▸ WORK TASK: Set the pictures aside and write down, exactly as they appear, the lines from the one containing "Éjszakai léggömb kaland" through the end of the material.

▸ DATA EXCERPT:
BEGIN

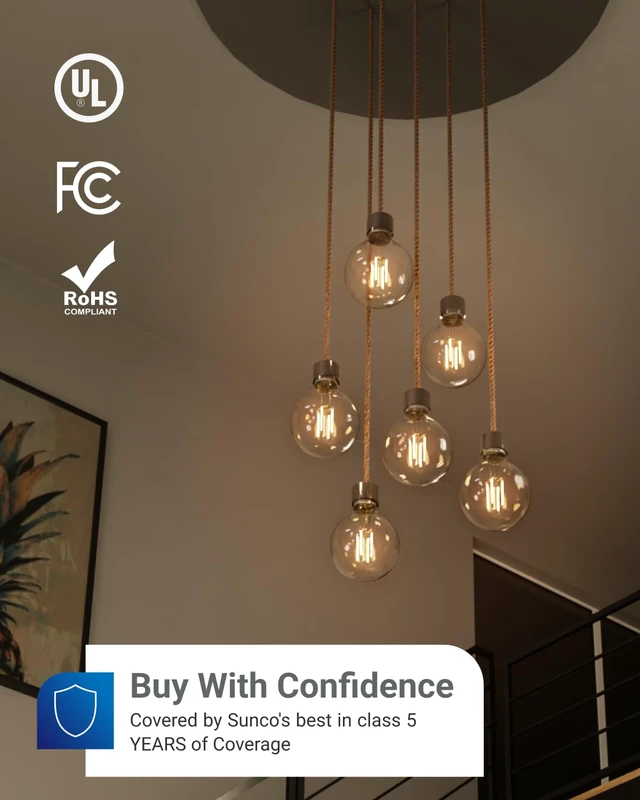 Alt view image 7 of 7 - 10 Pack G25 LED Light Bulb, Globe, E26, 5W=60W, 2700K Soft White 500LM, CRI80, Dimmable, Edison Vintage Filament, Medium Base, Lamp, Pendant, Chandelier, Indoor/Outdoor Lighting, Wet Rated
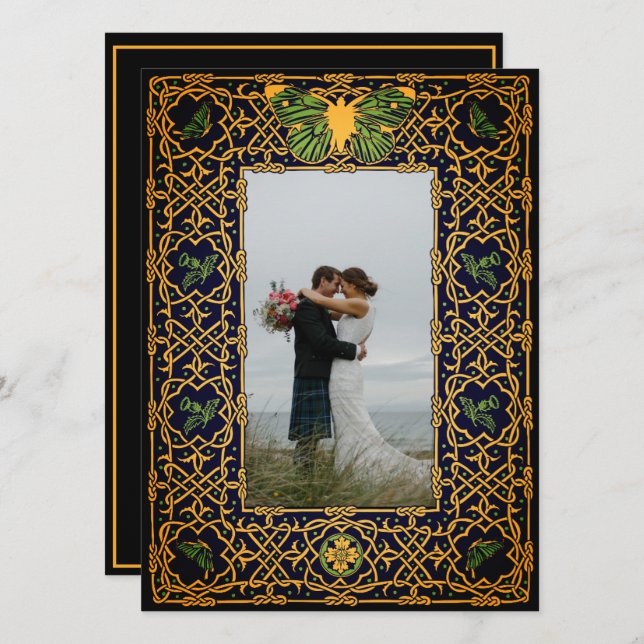 Invitación Knot Celtic de oro (Anverso / Reverso)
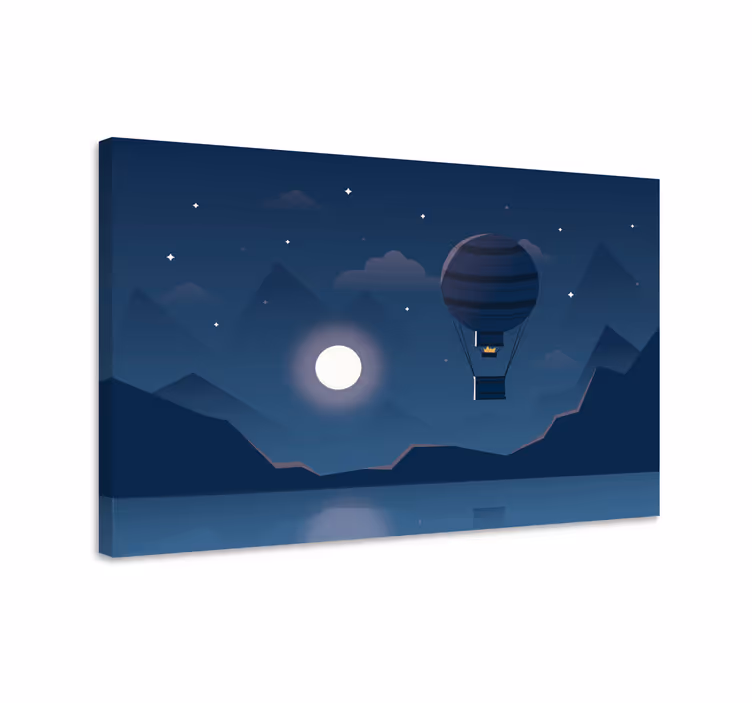 Éjszakai léggömb kaland kék kép - TenStickers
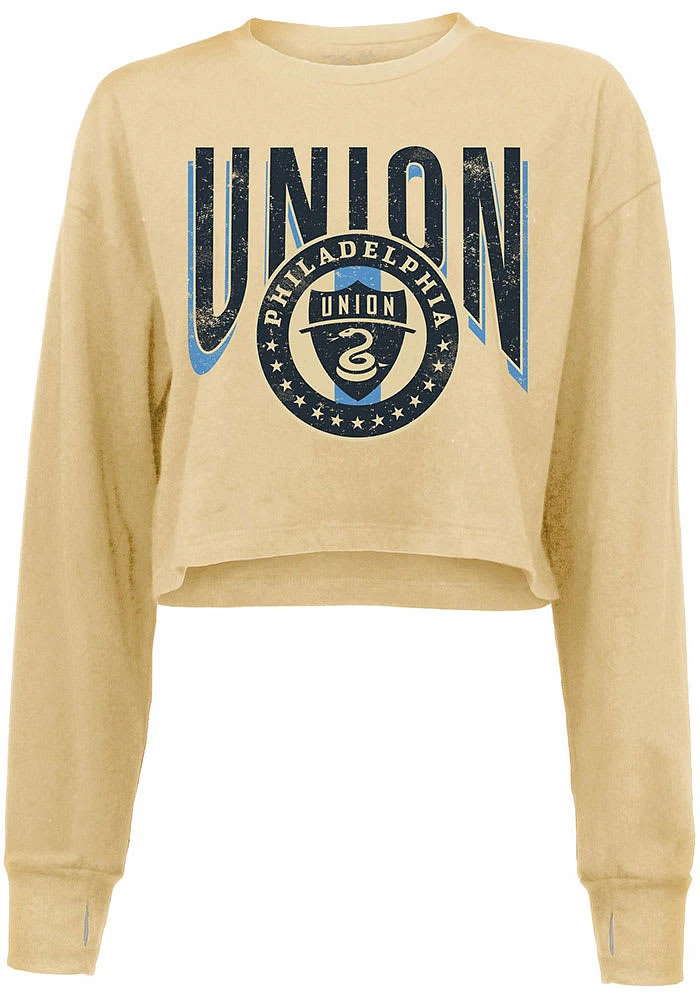 Philadelphia Union Womens Gold Cropped LS Tee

END

▸ OUTPUT:
 Éjszakai léggömb kaland kék kép - TenStickers
 Philadelphia Union Womens Gold Cropped LS Tee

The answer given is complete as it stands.